Centralised equalization devices were proposed in the patents U.S. Pat. Nos. 5,333,195 (Duane O. Bowker) and 5,471,527 (Helena S. Ho). These equalizers are fixed filters which restore the level of the low frequencies attenuated by the transmitter. Bowker proposes for example a gain of 10 to 15 dB on the 100-300 Hz band. These methods have two drawbacks:

2.2. Adaptive Equalization

The invention described in the patent U.S. Pat. No. 5,915,235 (Andrew P De Jaco) aims to correct the non-ideal frequency response of a mobile telephone transducer. The equalizer is described as being placed between the analogue to digital converter and the CELP coder but can be equally well in the terminal or in the network. The principle of equalization is to bring the spectrum of the received signal close to an ideal spectrum. Two methods are proposed.

The first method (illustrated by FIG. 4 in the aforementioned patent of De Jaco) consists of calculating long-term autocorrelation coefficients RLT:
RLT(n,i)=αRLT(n−1,i)+(1−α)R(n,i),  (0.2)

with RLT(n,i) the ith long-term autocorrelation coefficient to the nth frame, R(n,i) the ith autocorrelation coefficient specific to the nth frame, and α a smoothing constant fixed for example at 0.995. From these coefficients there are derived the long-term LPC coefficients, which are the coefficients of a whitening filter. At the output of this filter, the signal is filtered by a fixed signal which imprints on it the ideal long-term spectral characteristics, i.e. those which it would have at the output of a transducer having the ideal frequency response. These two filters are supplemented by a multiplicative gain equal to the ratio between the long-term energies of the input of the whitener and the output of the second filter.

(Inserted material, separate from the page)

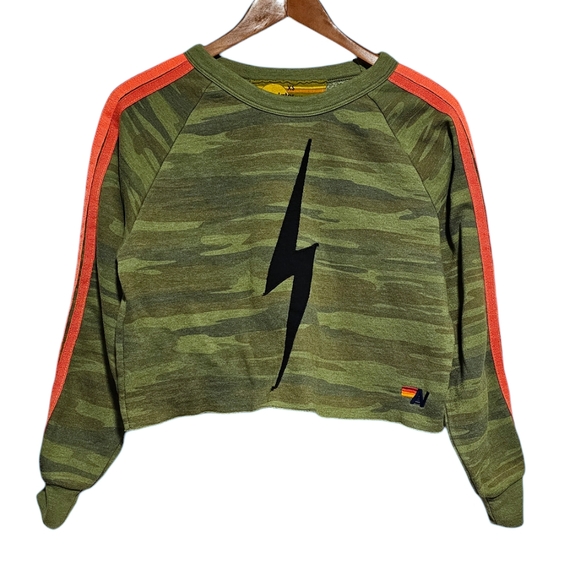 Aviator Nation Tops - Aviator Nation Bolt Crop Sweatshirt in Camo Neon Stripe Size XS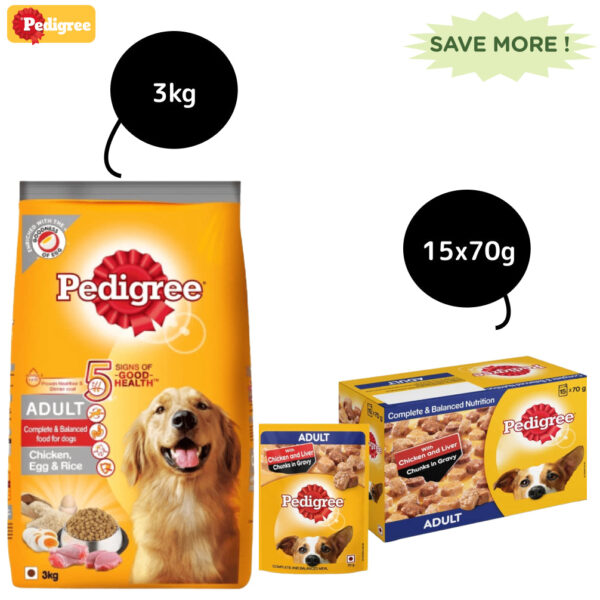 Pedigree Chicken, Egg and Rice and Chicken and Liver Chunks in Gravy Adult Dry and Wet Food Combo - 3kg + 15x70g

The second method, illustrated by FIG. 5 of the aforementioned De Jaco patent, consists of dividing the signal into sub-bands and, for each sub-band, applying a multiplicative gain so as to reach a target energy, this gain being defined as the ratio between the target energy of the sub-band and the long-term energy (obtained by a smoothing of the instantaneous energy) of the signal in this sub-band.

These two methods have the drawback of correcting only the non-ideal response of the transmission system and not that of the reception system.

The object of the device of the patent U.S. Pat. No. 5,905,969 (Chafik Mokbel) is to compensate for the filtering of the transmission signal and of the subscriber line in order to improve the centralised recognition of the speech and/or the quality of the speech transmitted. As presented by FIG. 3a in Mokbel, the spectrum of the signal is divided into 24 sub-bands and each sub-band energy is multiplied by an adaptive gain. The matching of the gain is achieved according to the stochastic gradient algorithm, by minimisation of the square error, the error being defined as the difference between the sub-band energy and a reference energy defined for each sub-band. The reference energy is modulated for each frame by the energy of the current frame, so as to respect the natural short-term variations in level of the speech signal. The convergence of the algorithm makes it possible to obtain as an output the 24 equalized sub-band signals.

If the application aimed at is the improvement in the voice quality, the equalized speech signal is obtained by inverse Fourier transform of the equalized sub-band energy.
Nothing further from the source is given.